Narrow the data below down to the lines containing "Leather".

Saved data entries
════════════════════

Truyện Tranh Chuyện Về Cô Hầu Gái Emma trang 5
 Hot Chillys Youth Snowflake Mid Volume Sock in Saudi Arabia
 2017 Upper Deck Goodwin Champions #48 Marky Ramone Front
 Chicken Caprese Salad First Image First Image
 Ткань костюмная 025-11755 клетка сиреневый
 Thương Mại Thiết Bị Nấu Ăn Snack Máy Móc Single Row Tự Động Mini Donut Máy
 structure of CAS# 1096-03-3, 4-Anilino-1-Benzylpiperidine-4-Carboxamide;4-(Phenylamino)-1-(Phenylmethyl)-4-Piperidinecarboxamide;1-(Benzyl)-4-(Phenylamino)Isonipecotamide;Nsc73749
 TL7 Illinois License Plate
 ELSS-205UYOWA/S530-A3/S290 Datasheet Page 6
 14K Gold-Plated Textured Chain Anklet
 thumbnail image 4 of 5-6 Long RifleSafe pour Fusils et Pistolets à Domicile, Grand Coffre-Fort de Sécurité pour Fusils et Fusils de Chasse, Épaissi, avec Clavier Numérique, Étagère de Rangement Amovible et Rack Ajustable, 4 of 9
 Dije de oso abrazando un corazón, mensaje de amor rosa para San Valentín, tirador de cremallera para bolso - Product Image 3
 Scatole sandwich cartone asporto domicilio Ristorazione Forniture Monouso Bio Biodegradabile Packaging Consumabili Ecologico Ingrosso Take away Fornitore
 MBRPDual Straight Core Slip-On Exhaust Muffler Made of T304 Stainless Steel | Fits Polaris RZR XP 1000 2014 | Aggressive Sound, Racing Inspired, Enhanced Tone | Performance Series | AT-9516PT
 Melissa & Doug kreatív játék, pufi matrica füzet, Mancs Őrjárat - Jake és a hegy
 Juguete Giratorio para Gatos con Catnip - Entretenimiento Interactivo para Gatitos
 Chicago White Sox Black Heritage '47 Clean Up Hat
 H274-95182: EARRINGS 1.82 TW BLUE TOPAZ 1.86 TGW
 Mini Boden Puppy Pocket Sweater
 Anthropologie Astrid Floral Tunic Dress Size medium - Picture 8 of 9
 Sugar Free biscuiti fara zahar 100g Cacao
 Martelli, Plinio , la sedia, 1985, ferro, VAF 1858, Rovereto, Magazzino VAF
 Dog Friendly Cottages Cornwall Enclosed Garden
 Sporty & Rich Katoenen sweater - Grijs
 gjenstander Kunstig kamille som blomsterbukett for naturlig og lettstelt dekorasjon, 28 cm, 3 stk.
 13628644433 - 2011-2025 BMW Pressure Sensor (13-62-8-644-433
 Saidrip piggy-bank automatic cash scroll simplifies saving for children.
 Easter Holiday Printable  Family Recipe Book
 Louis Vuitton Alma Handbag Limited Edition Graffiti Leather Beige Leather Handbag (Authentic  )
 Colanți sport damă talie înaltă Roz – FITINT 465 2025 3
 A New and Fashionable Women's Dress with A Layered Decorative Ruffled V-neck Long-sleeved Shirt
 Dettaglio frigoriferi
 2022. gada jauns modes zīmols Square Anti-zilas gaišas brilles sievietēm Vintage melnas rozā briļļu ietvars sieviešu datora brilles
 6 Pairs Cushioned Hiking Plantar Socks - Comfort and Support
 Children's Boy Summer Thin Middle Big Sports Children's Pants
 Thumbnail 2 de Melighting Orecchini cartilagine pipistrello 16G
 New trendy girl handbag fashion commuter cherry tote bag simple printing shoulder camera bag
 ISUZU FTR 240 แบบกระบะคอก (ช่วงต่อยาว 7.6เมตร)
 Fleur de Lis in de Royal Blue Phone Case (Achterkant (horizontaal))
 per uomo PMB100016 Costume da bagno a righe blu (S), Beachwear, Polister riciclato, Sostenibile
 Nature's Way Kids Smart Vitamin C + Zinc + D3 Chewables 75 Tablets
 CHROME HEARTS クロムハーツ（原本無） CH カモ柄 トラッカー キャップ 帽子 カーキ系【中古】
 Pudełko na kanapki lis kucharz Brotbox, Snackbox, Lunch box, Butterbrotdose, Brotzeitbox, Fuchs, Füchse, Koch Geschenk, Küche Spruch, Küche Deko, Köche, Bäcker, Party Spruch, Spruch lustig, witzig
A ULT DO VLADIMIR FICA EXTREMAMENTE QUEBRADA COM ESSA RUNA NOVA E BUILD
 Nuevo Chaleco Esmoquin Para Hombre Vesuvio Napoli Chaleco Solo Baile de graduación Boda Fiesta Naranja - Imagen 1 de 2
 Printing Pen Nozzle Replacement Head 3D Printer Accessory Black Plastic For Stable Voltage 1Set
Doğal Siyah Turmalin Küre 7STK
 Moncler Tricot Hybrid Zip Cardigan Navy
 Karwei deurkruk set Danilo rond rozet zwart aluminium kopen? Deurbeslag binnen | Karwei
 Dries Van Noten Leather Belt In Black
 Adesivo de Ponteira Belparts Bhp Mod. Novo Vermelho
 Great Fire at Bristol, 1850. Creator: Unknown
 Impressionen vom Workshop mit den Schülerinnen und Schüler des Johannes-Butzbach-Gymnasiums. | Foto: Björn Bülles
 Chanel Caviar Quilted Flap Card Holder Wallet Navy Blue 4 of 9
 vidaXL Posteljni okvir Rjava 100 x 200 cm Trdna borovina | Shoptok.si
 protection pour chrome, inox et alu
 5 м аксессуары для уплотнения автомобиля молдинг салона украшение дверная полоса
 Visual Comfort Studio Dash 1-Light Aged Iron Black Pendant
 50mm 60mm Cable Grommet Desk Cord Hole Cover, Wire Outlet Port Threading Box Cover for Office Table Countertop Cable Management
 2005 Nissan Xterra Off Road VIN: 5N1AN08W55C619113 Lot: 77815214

════════════════════

Response:
 Louis Vuitton Alma Handbag Limited Edition Graffiti Leather Beige Leather Handbag (Authentic  )
 Dries Van Noten Leather Belt In Black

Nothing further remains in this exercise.